Thursday, October 30, 2008

Sick and tired

Great White Dispatch
Notes from Damn Near Canada
No. 8
10/30/08
0500

I’m sitting here at 5 a.m. in a Benadryl haze, looking out into the frosty Minnesota dark. For the first time –literally- in my life I’ve left work early, just too sick to go on. It’s just too hard to deal cards when they’re covered in snot. My body feels like it’s just been thrown a blanket party, my head feels filled with sand, and there’s just one thing on my mind: Winter is coming.
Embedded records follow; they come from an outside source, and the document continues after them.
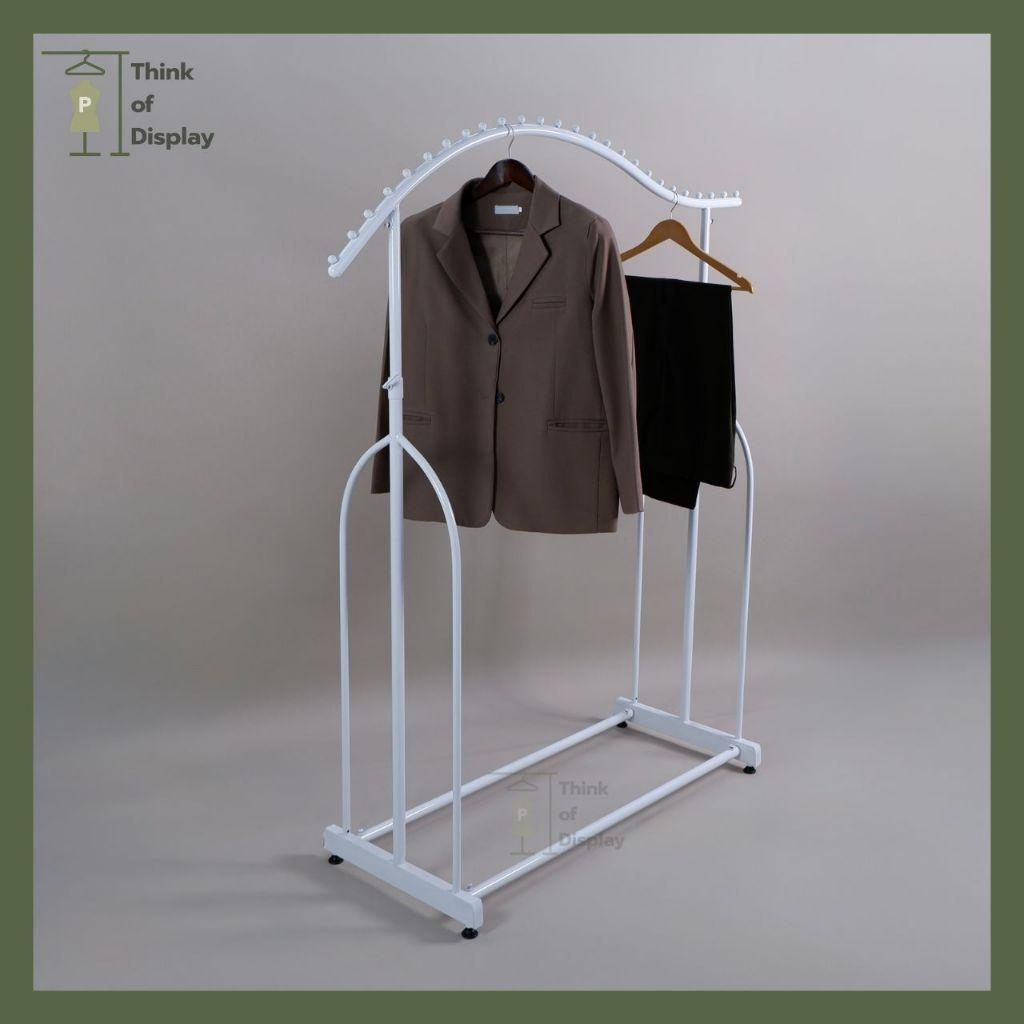 ราวโชว์เสื้อ ราวลูกคลื่น ราวไดโนเสาร์ สีขาว - thumbnail 7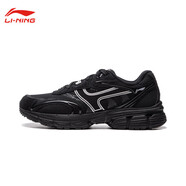李寧（LI-NING）奔騰P1000經(jīng)典千禧男款厚底潮流休閑復古舒適慢跑鞋AGCU411 黑色 AGCU411-2 42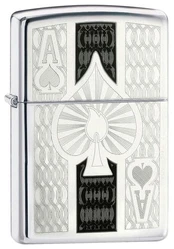 Žiebtuvėlis Zippo Lighter 24196, sidabro/juoda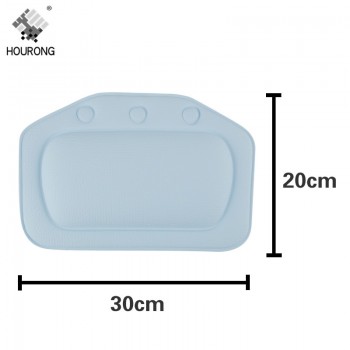 Waterproof Bath Pillows Soft Bathtub Headrest Suction Cup Bath Tub Pillow SPA Back Neck Hold Cushion Gift Bathroom Accessories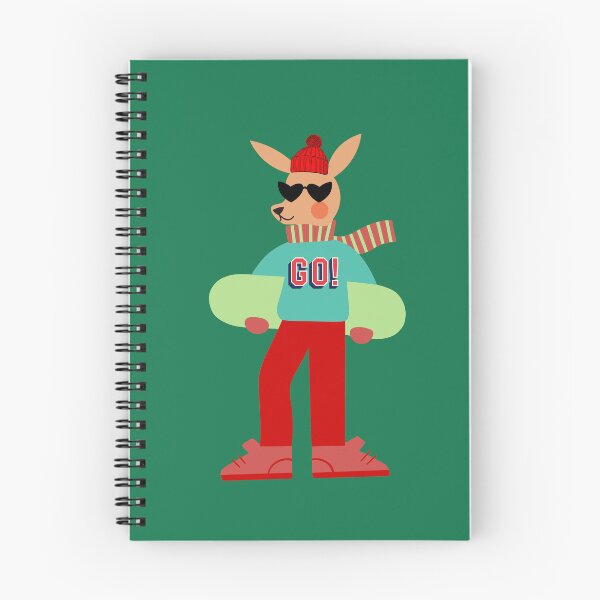 Item preview, Snowboarding Kangaroo designed and sold by GasconyPassion.
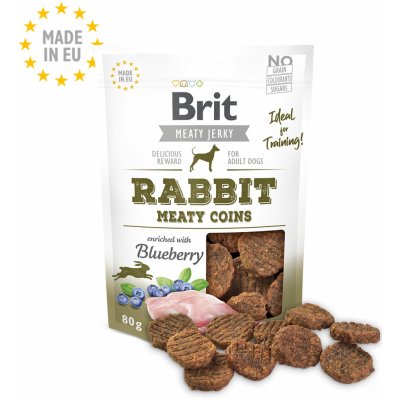 Brit Jerky Rabbit Meaty Coins 80g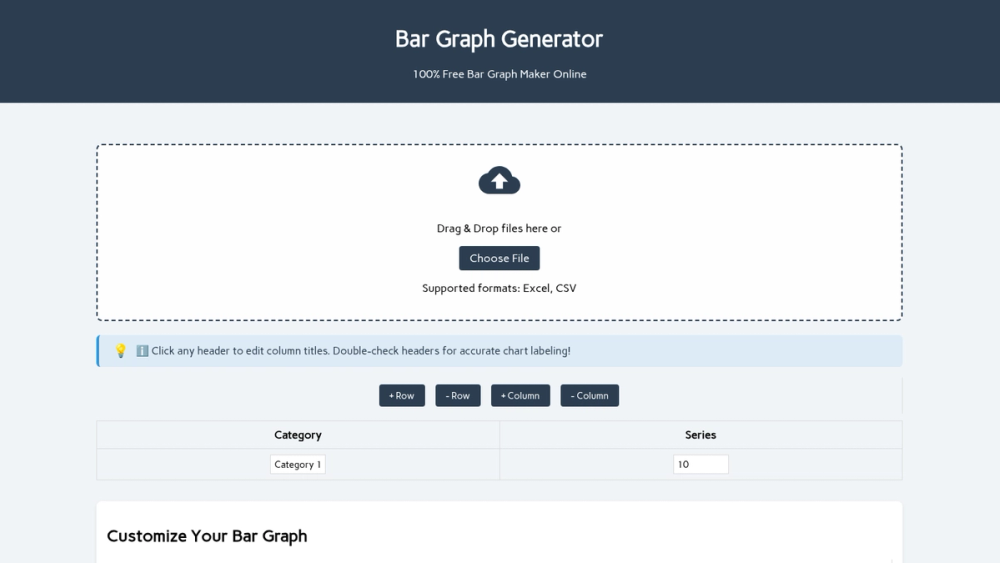 Screenshot of Bar Graph Generator
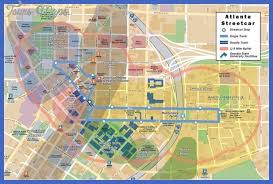 Awesome Atlanta Map Tourist Attractions Atlanta Map Atlanta Attractions Atlanta Tourist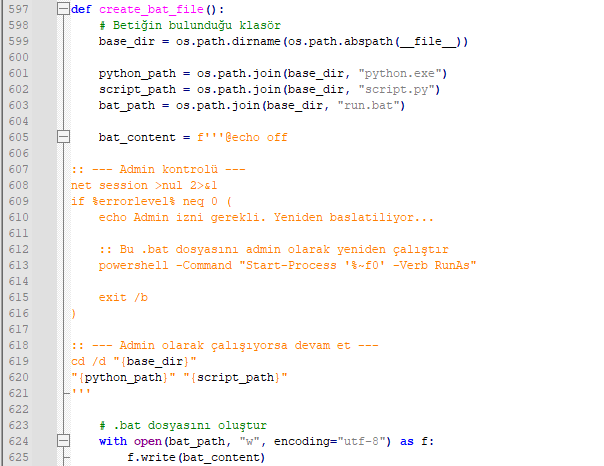 Persistence in startup folder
It was cold last night, that shocking kind of cold that takes your lungs by surprise. Autumn here crashed quickly, came and went before it ever really started. One day the trees were full and green, the next they were empty. It was like the earth simply shrugged out of its clothes. The bare trees have made the drive into town a different experience. Entire neighborhoods that I didn’t even know existed revealed themselves once the leaves were gone. A world beneath the world. I even discovered that I have a neighbor. One day I looked into the woods behind my garage, and hey, there’s a house across the ravine. Suddenly I wonder about all those times at 2 a.m. I was naked on the porch screaming at dogs.

Winter is coming. The people around here are quietly battening hatches. Plastic is going up over windows. Plows are appearing on the fronts of every third pickup. Pyramids of deicer suddenly pop up at every retail outlet. After a few easy winters, the Minnesotans are smelling a bad one. I’m getting a lot of ‘New to the area?” followed by smirks and giggles. C’mon. It’s not like we moved here from Arizona. I know about winter.

Still. There’s things I need to do. Hatches of my own to take care of. Just secured a nice 4WD beater to buzz around in for the next few months. It occurs to me that I need a chainsaw, because if a tree goes down on the road back here, we’re pretty much fooked. And I’m swallowing my pride and getting a snowblower. I’ve always scoffed at those douchepackers in their little suburban developments, blowing the snow off their 13-foot patch of concrete, vowed to never be one of those. Well, this ain’t no development. However the hell I get down my .6 mile of dirt road, a shovel will not be involved.

The sky is purpling now, sun coming soon. Any time now the deer and squirrels will be out, stuffing themselves on the buckets of whole corn I’ve thrown. They have to fatten themselves up. Winter is coming.

1 comment:

AK said...

Nice writing -- there are some powerful images in there.